The Pentagon has drafted plans to send up to 120,000 troops to the Middle East in the event Iran launches an attack on U.S. forces in the region or restarts its nuclear weapons program, the New York Times reported.
The updated military plan, which was presented to President Donald Trump last week during a meeting with Acting Defense Secretary Pat Shanahan, comes as tensions between Washington and Tehran have risen following what officials citing classified intelligence said were signs of possible threats to U.S. forces or interests in the region.
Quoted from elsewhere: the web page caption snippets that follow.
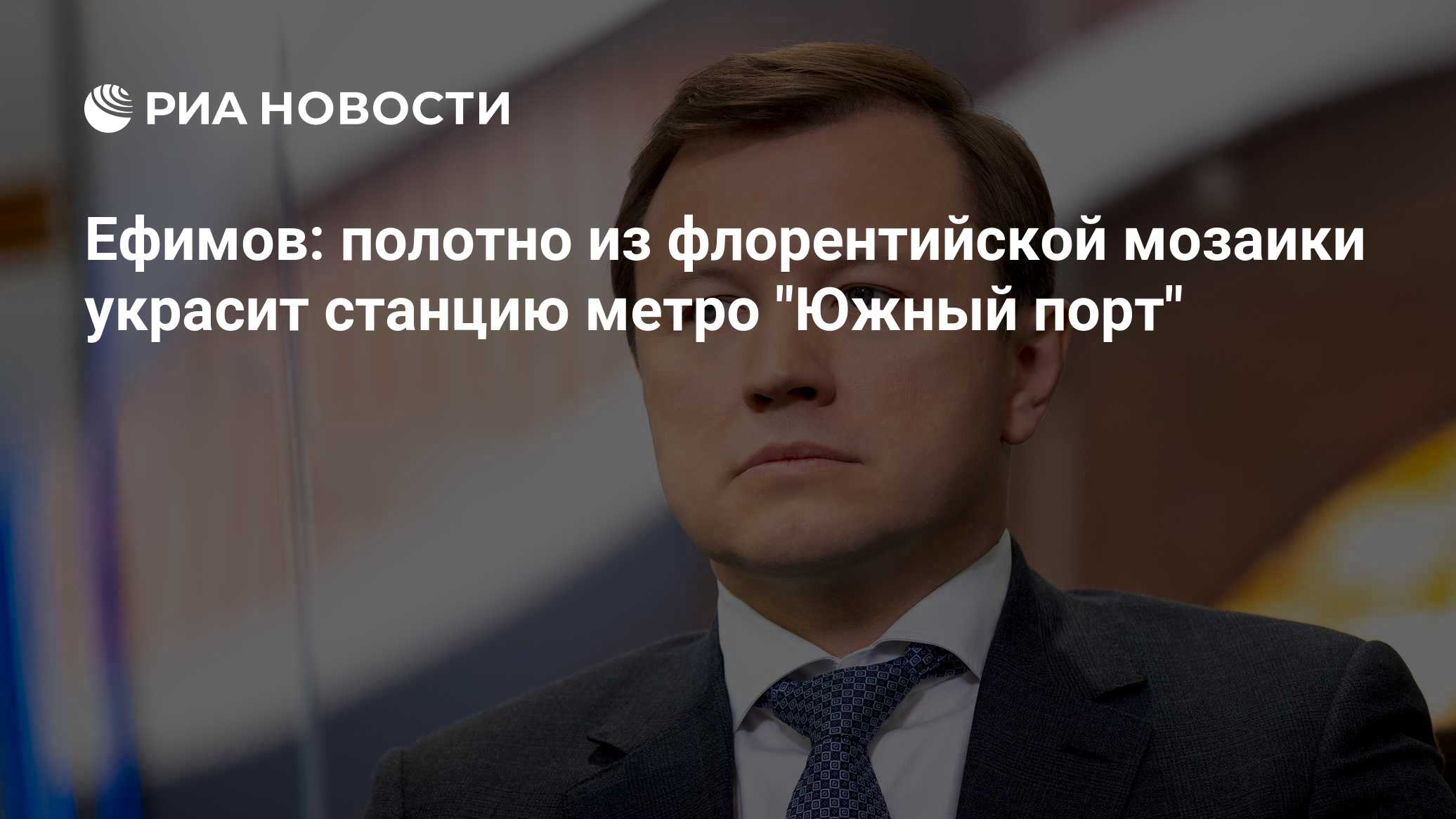 Ефимов: полотно из флорентийской мозаики украсит станцию метро "Южный порт"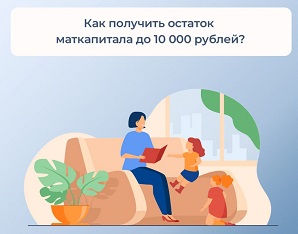 Отделение Социального фонда России по Краснодарскому краю выплатило остаток маткапитала до 10 тысяч рублей более 4 тысячам кубанских семей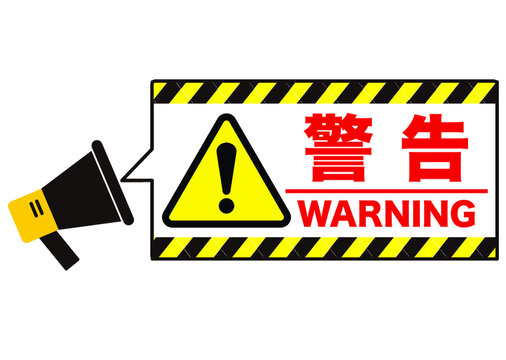 警告マーク Images Browse 463 Stock Photos Vectors And Video Adobe Stock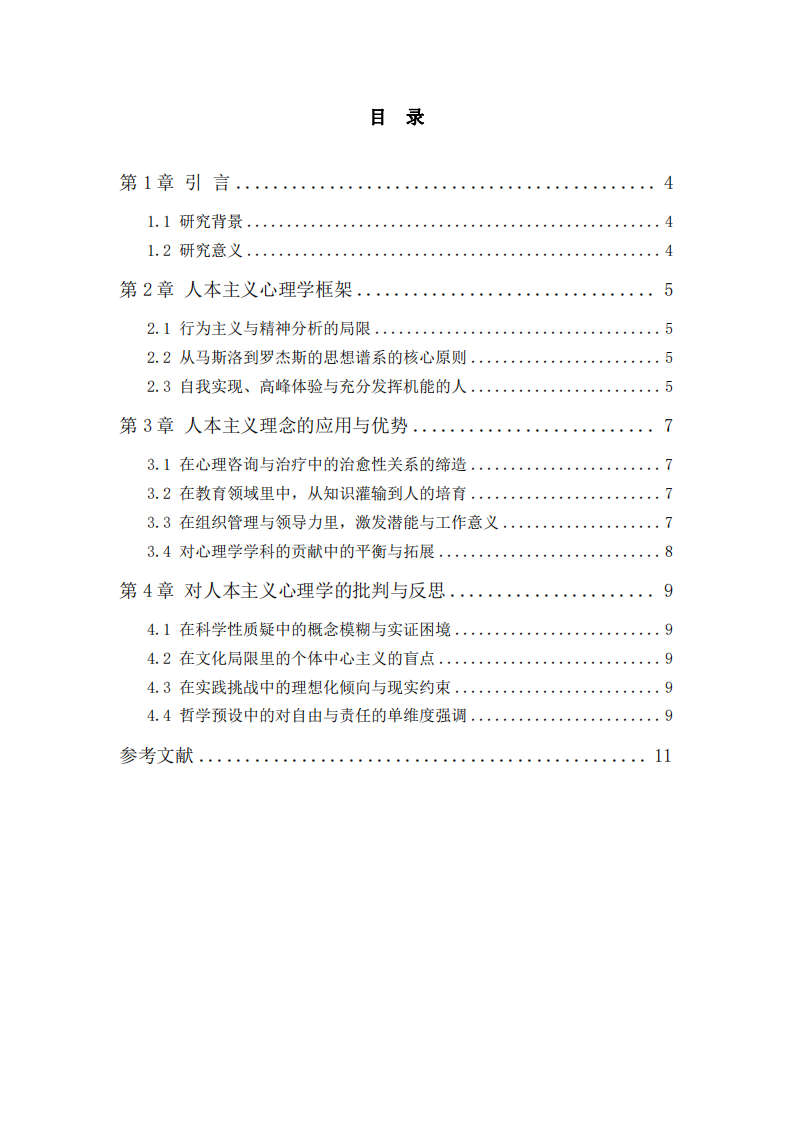 人本主義心理學(xué)的理論批判與實踐價值-第3頁-縮略圖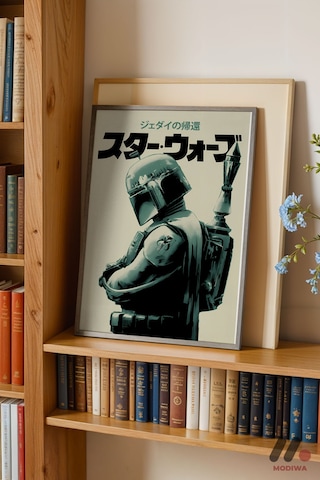 Japon Tarzı Retro Bilim Kurgu Afişi, Siyah Çerçeveli Duvar Tablosu - Film Severlere Hediye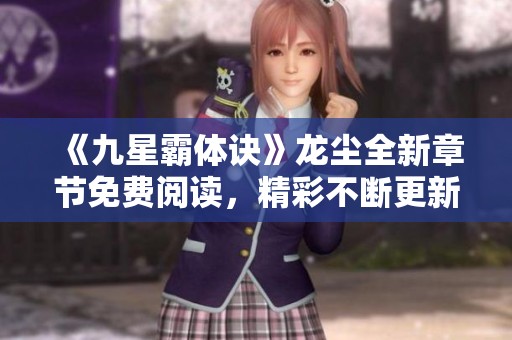 《九星霸體訣》龍塵全新章節(jié)免費閱讀，精彩不斷更新中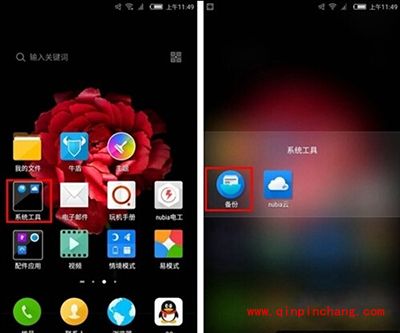 努比亚Z9 mini数据备份图文教程
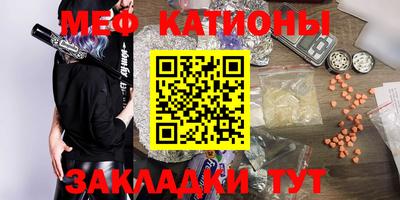 дурь Шебекино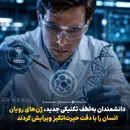 دانشمندان به‌لطف تکنیکی جدید، ژن‌های رویان انسان را با دقت حیرت‌انگیز ویرایش کردند !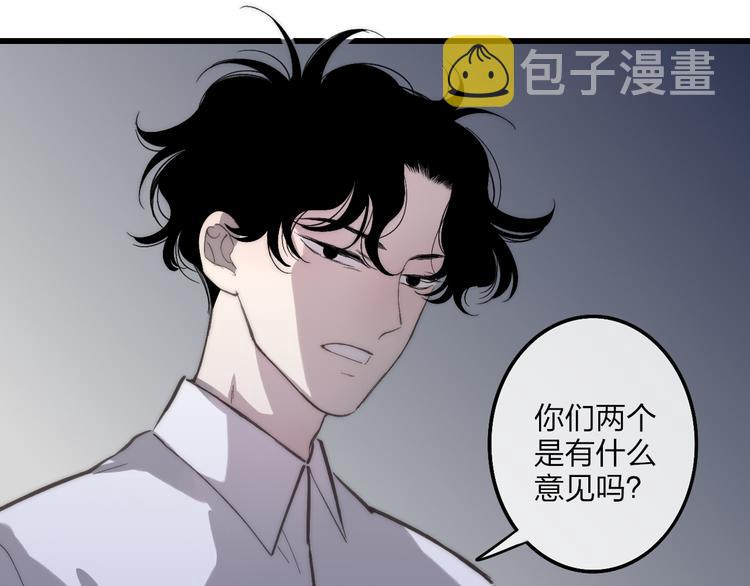 第71话  温柔？33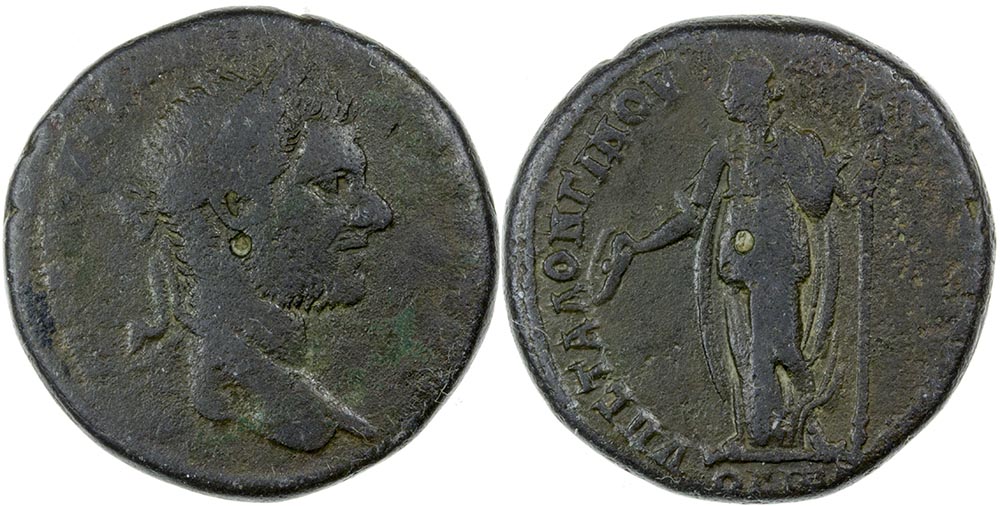 Macrinus AD 217 218 AE 25 Nicopois Ad Istrum In Moesia Inferior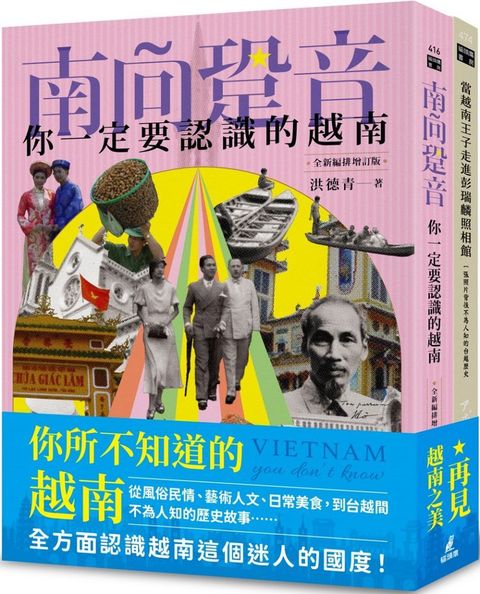 你不知道的越南套書（南向跫音＋當越南王子走進彭瑞麟照相館）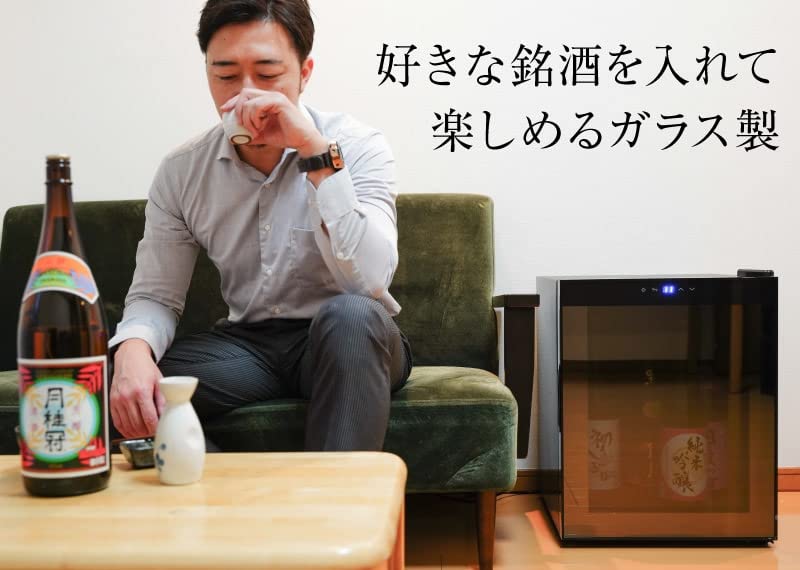 Amazon | THANKO 一升瓶を縦置きできる日本酒冷蔵庫「俺の酒蔵 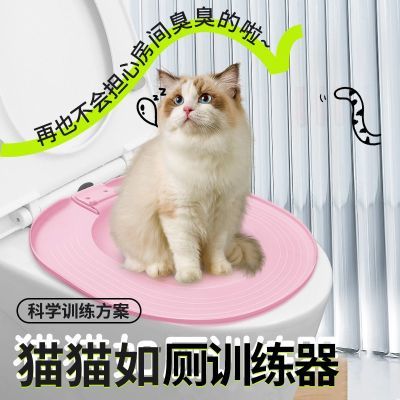 新款猫咪砂盘马桶训练器训练坐便器如厕厕所神器重复使用蹲坑砂盆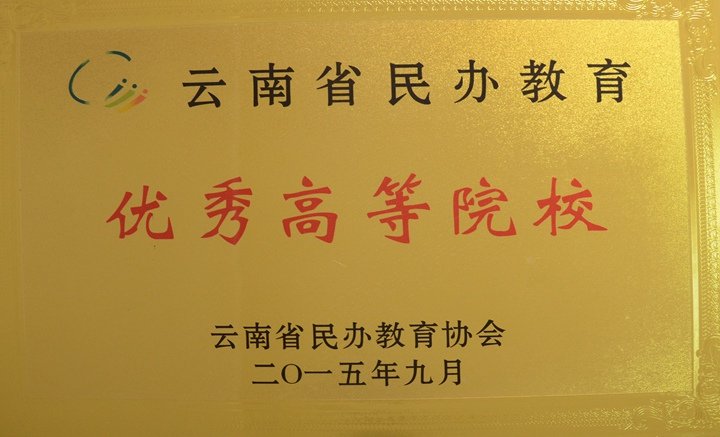 0871-68870811/812/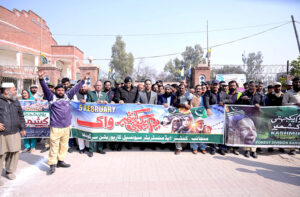 Additional Deputy Commissioner General Umar Farooq is leading the walk organized to express solidarity with the people of Indian Illegally Occupied Jammu and Kashmir (IIOJK) on the occasion of Kashmir Solidarity Day.
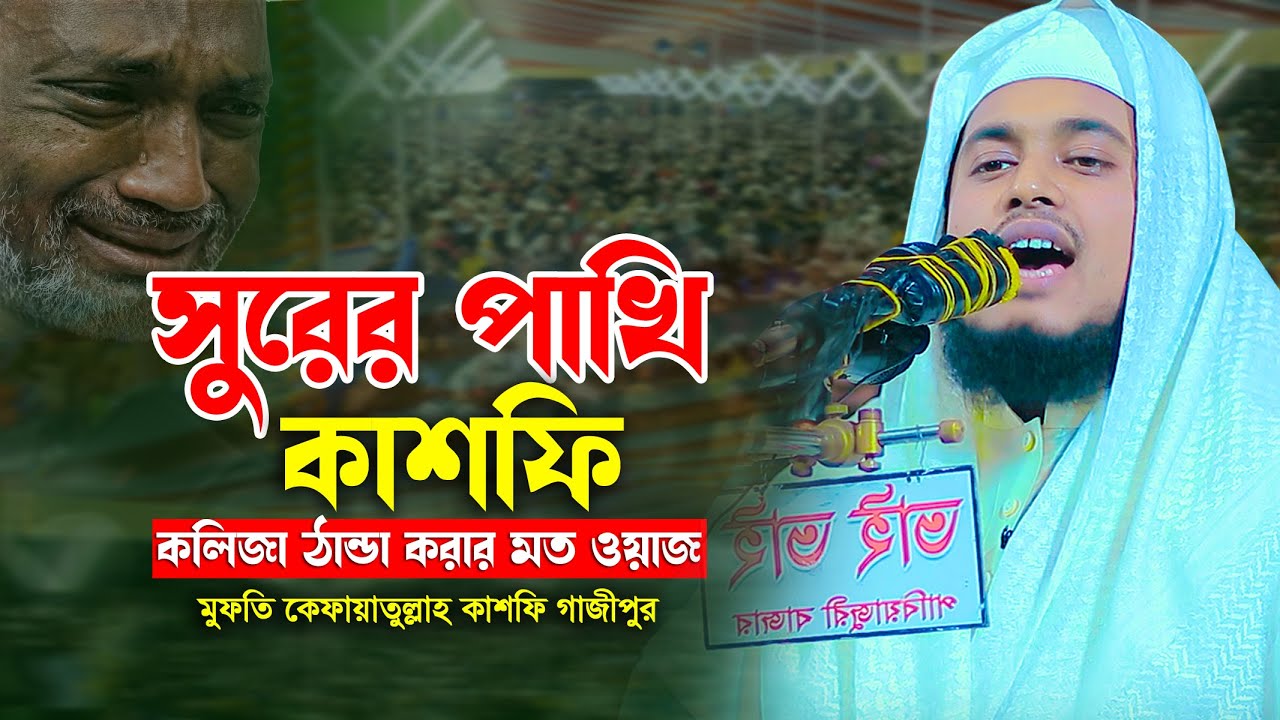 সুরের পাখি কাশফি | কলিজা ঠান্ডা করার মত ওয়াজ | মুফতি কেফায়াতুল্লাহ কাশফি | mufti kefayatullah kashfi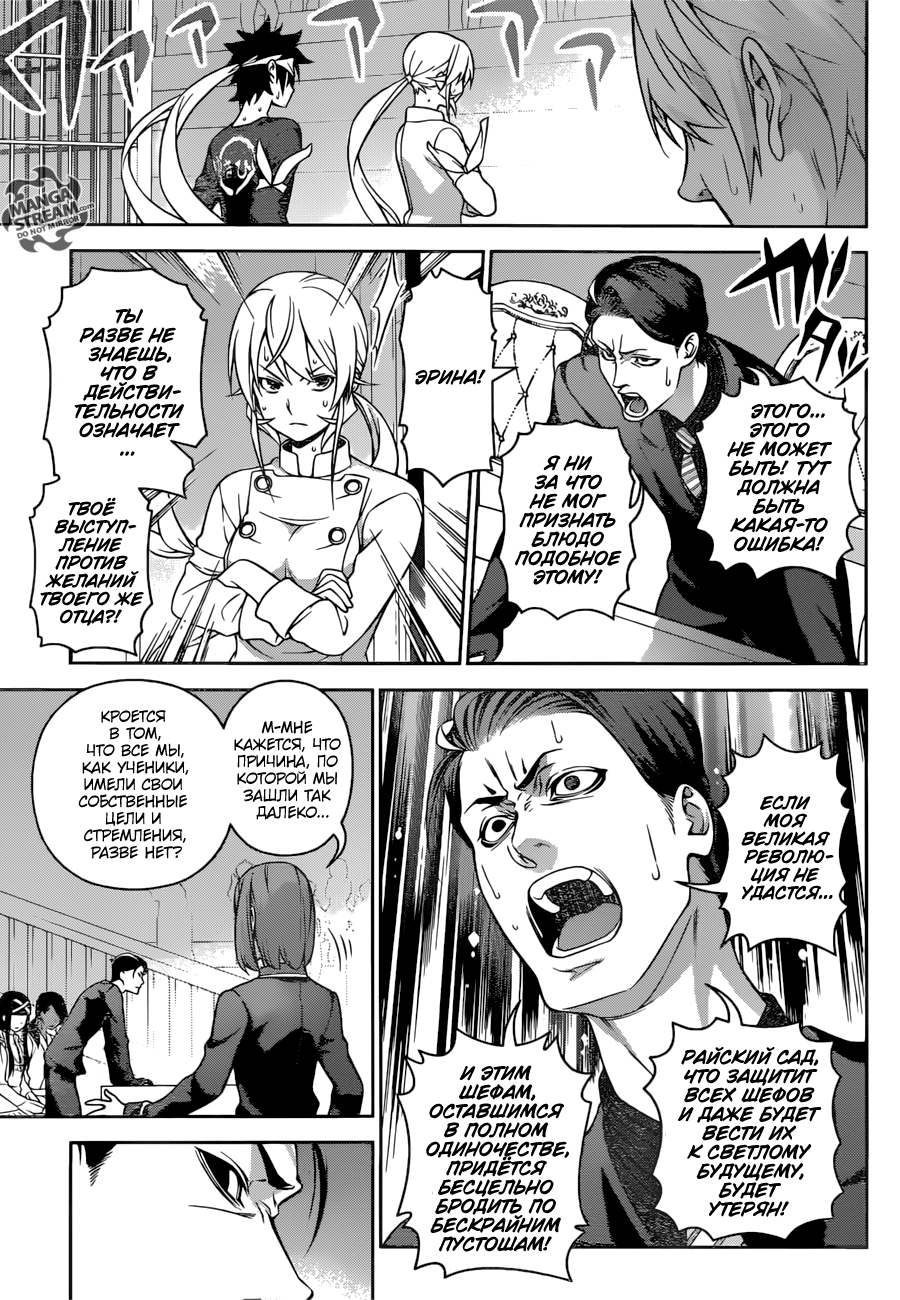 Read Shokugeki no Soma RU Manga Online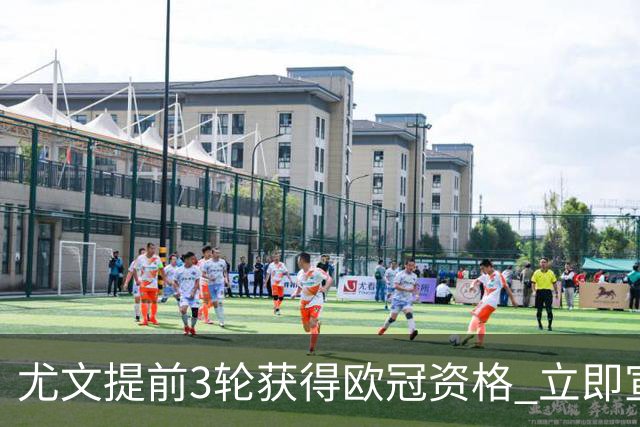 尤文提前3轮获得欧冠资格 立即宣布买断小基耶萨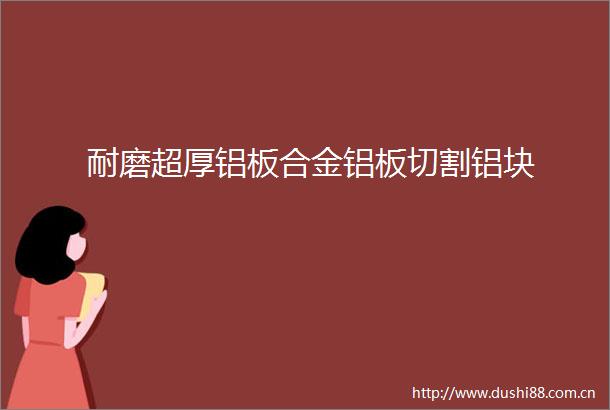 耐磨超厚铝板合金铝板切割铝块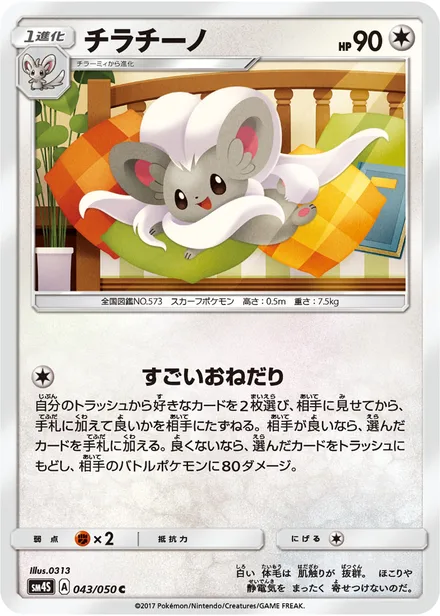 Cinccino SM4S 043/50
The revised plans were ordered by national security adviser John Bolton, whose push for a tougher stance on Iran dates to the George W. Bush administration.
The size of the force — 120,000 troops is roughly the number the U.S. used to invade Iraq in 2003 — has shocked some officials inside the Trump administration, the Times reported on Monday, citing unnamed national security officials.
On Monday, Trump also issued a warning to Iran when asked by reporters about the prospects of regime change. “We’ll see what happens with Iran,” Trump said at the White House. “If they do anything, it would be a very bad mistake.”
In Europe, there are concerns that the U.S. and Iran could stumble into a military confrontation.
“We are very worried about the risk of a conflict happening by accident, with an escalation that is unintended really on either side but ends with some kind of conflict,” British Foreign Secretary Jeremy Hunt told reporters in Brussels.
European diplomats and NATO Secretary-General Jens Stoltenberg convened with U.S. Secretary of State Mike Pompeo Monday to discuss the Trump administration’s concerns over Iran.
“What we need is a period of calm to make sure that everyone understands what the other side is thinking,” Hunt said.
While Washington has upped the pressure, it’s still unclear whether Trump, who campaigned on an anti-interventionist platform and repeatedly denounced the Iraq War as a blunder, is willing to get drawn into another military confrontation in the Middle East.